Anche in quel caso i democratici hanno capito l’antifona, ed hanno chiaramente scelto Obama, il cui grande vantaggio, rispetto alla Clinton, è di aver votato contro il rifinanziamento della guerra in Iraq. Questo offre al senatore dell’Illinois un’arma di primaria importanza, nella battaglia elettorale del prossimo autunno, che Hillary invece non potrebbe utilizzare.
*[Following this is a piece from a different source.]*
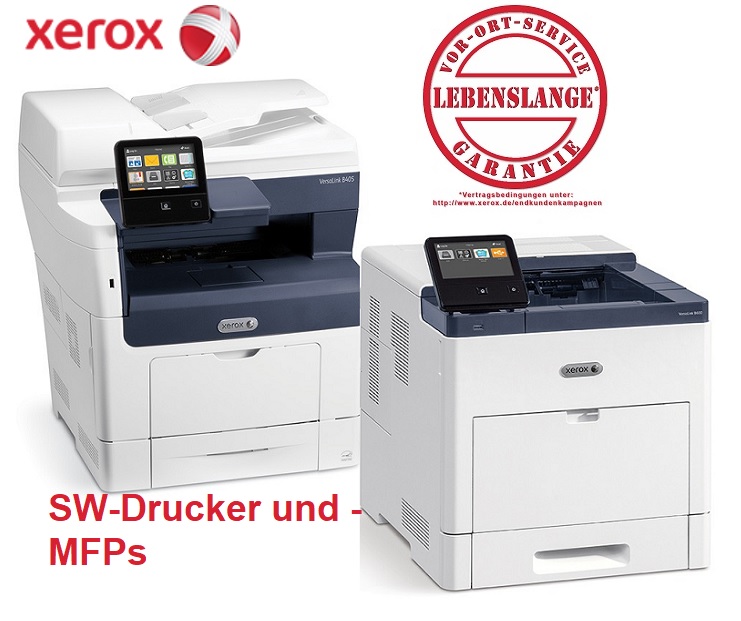 Blog Xerox Lebenslange Garantie Jetzt Auch Fur Sw Drucker Und Mfps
Ma c’è un’altra grossa differenza fra Barak e Hillary, che non solo depone a favore del primo, ma permette legittimamente di sperare ... ... in una sua vittoria finale contro McCain. Nei pochi mesi di campagna elettorale a cui abbiamo assistito, Obama ha dimostrato di saper letteralmente trascinare le masse come in America non accadeva dai tempi di Robert Kennedy, “tirando fuori” decine di migliaia di giovani che a novembre voteranno per la prima volta “solo perchè c’è lui”.
Come molti sanno infatti, il problema principale in America non è convincere la gente a votare per te, ma convincerla a votare e basta. Nel paese in cui è nata la moderna democrazia, ironicamente, vota di solito meno della metà degli aventi diritto, ed è quindi chiaro che ogni nuova “sacca sociale” che si riesca a conquistare significa un immediato salto in avanti per chi sia riuscito a farlo.
Questo significa che Obama è teoricamente in grado di ribaltare a proprio favore il voto di novembre nei cosiddetti “swing states” – gli “stati che oscillano”, fra una maggioranza democratica e una repubblicana – che sono quelli che normalmente determinano l’esito finale delle presidenziali. Oltre alla famigerata Florida, che vale da sola metà della posta ancora in dubbio, oggi i nuovi stati “in bilico” sono il Colorado, l’Ohio, la Pennsylvania, il Missouri, il Nevada e qualche altro. Ce n’è a sufficienza per far sentire McCain tutt’altro che tranquillo.
Ma forse è ancora presto per fare questo tipo di ragionamenti, perchè da oggi a novembre possono arrivare delle sorprese – intese come “rivelazioni” negative sui candidati - capaci di ribaltare in qualunque momento la situazione esistente. Anche in questo caso però sembra che Obama sia in netto vantaggio: mentre lui in fondo ha già pagato il suo scotto, con la storia del prete nero “antiamericano” della sua parrocchia, per McCain potrebbe anche covare la più grande e devastante di tutte le sorprese.
Ricordate la faccenda del “vero eroismo” di McCain, che fa curiosamente a cazzotti con la sua politica oscurantista sul passato del Vietnam? Ebbene, a quanto pare non siamo solo “noi di Internet” ad essere al corrente di questo suo piccolo scheletro nell’armadio: poche sere fa Keith Olbermann, in una delle sue classiche “tirate” antirepubblicane sulla MSNBC, ha criticato McCain per aver accusato Obama di “inesperienza militare”, ed ha concluso dicendo: “Bisogna stare molto attenti a fare questo tipo di discorso, specialmente se si ha un passato da
Manchurian Candidate, nel quale per cinque anni ti sei fatto fare il lavaggio del cervello in qualche lontano paese dell’Indocina“.
Se Olbermann già si preoccupa di farci sapere che “lo sa”, secondo voi a nessuno verrà voglia, al momento giusto, di tirare fuori questa storia?
In ogni caso, a tutti coloro che dicono che “tanto è lo stesso, i candidati sono tutti uguali”, si può rispondere che sarà anche vero, ma che è comunque preferibile vedere alla Casa Bianca uno “uguale” come Obama che uno “uguale” come McCain. Quelli come il primo normalmente danno più soldi alle scuole pubbliche e agli ospedali, mentre gli altri li danno ai militari per combattere in Iraq. Non è che sia proprio la stessa cosa.